Ich hole mal ganz weit aus. Wir haben schon zur EP über Doppeldeutigkeiten nachgedacht und das versucht, mit einzubringen. „Global Worming“ ist dann schon die Kirsche auf der Sahne, auch für uns. Das hat sich so ergeben, wir schreiben ja eine Platte nicht, weil wir einen Titel haben und dann die Songs dazu schreiben, sondern der Titel kommt während des Schreibprozesses. Und so kam es, dass wir eine Song- und Titelidee hatten und dazu eine Demo aufnehmen wollten und der Titel hat bei mir direkt gepunktet und ich dachte, das ist ein potentieller Albumtitel. Als alle Songs fertig waren, stand dann auch die Entscheidung, den Song als Titel zu verwenden. Ich meine, die Welt da draußen ist so verrückt, da müssen wir auch richtig einen rausfeuern.
Ich finde es auch cool, dass der Song dann gar nichts mit seinem „Partnerthema“ zu tun hat.
Ja, das ist ein klassischer Zombiewurm-Text, wo die Würmer damit beschäftigt sind, die menschliche Spezies zu vertilgen. Da kann man irgendwelche Interpretationsräume im Text finden, aber ich habe selber noch nicht gesucht (lacht).
Den Würmern geht es am besten, wenn es auch in Norddeutschland im Herbst 42 Grad im Schatten hat.
Wir haben das auch ganz bewusst gemacht, dass wir den Text old school gehalten haben und er eine schöne, spaßige – wenn man es als Spaß bezeichnen kann, von Zombiewürmern vertilgt zu werden – Aura hat. Der Song soll Spaß machen.

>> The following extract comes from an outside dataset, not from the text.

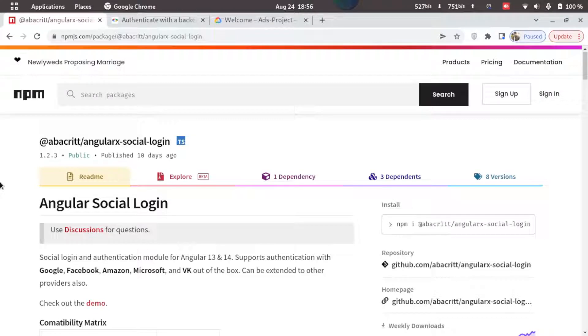Hello everyone, welcome to this video. In this video we'll be learning how we can integrate Google login with Angular, so let's get started.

Aber ihr habt auch wieder aktuelle Themen als Textinspiration drin, oder?
Die Texte sind viel aktueller als sie damals waren, als sie geschrieben wurden. „Hell Is Here“ ist rausgekommen, als der Konflikt im nahen Osten ausgebrochen ist. Ich arbeite gerade so viel, dass ich mich kaum mit der Nachrichten- und Medienwelt auseinandersetzen konnte und mir geht es auch total gut damit, aber du bekommst es natürlich trotzdem mit. Den Text hat Ben verfasst und Ben ist gut darin, einen Grundfrust zu kanalisieren, wenn man sieht, wie Geschichte sich wiederholt und keiner hat was gelernt. Egal, wie fortgeschritten die Menschheit ist, es werden immer wieder die gleichen Fehler gemacht. Das ist wie Psychopathie, ich versuche immer wieder auf die gleiche Art und Weise auf das gleiche Problem zu reagieren, obwohl ich weiß, dass es scheitert. Das ist natürlich frustrierend und muss auch mal aus uns raus.
Ich bin da aber ganz bei dir, ich habe auch keine Lust, mich nach der Arbeit noch zwei Stunden mit den Negativnachrichten dieser Welt auseinanderzusetzen.
Ja und es bringt einem persönlich ja nichts. Als Tschernobyl hochgegangen ist haben auch alle jeden Spiegelartikel verfolgt, ob man nun radioaktiv verseucht ist oder nicht, aber geändert hat es nichts außer, dass es meine Lebenszeit gefressen hat. Es war kein Gewinn, das zu lesen, es war nur mediale Unterhaltung böse gesagt. Das muss jeder selbst für sich sehen, ob das Gewinn ist, sich ständig mit Negativität auseinanderzusetzen. Das sag ich als Death Metal Sänger (lacht).
Ihr veröffentlicht „Global Worming“ unter deutlich besseren Bedingungen als „Mount Carcass“, wo ihr abseits der Streamingshow wenig Möglichkeiten zum live Spielen hattet. Wir habt ihr rückblickend die vergangenen zweieinhalb Jahre empfunden, insbesondere weil ihr ja seit dem Signing bei Metal Blade auch auf einem aufsteigenden Ast seid?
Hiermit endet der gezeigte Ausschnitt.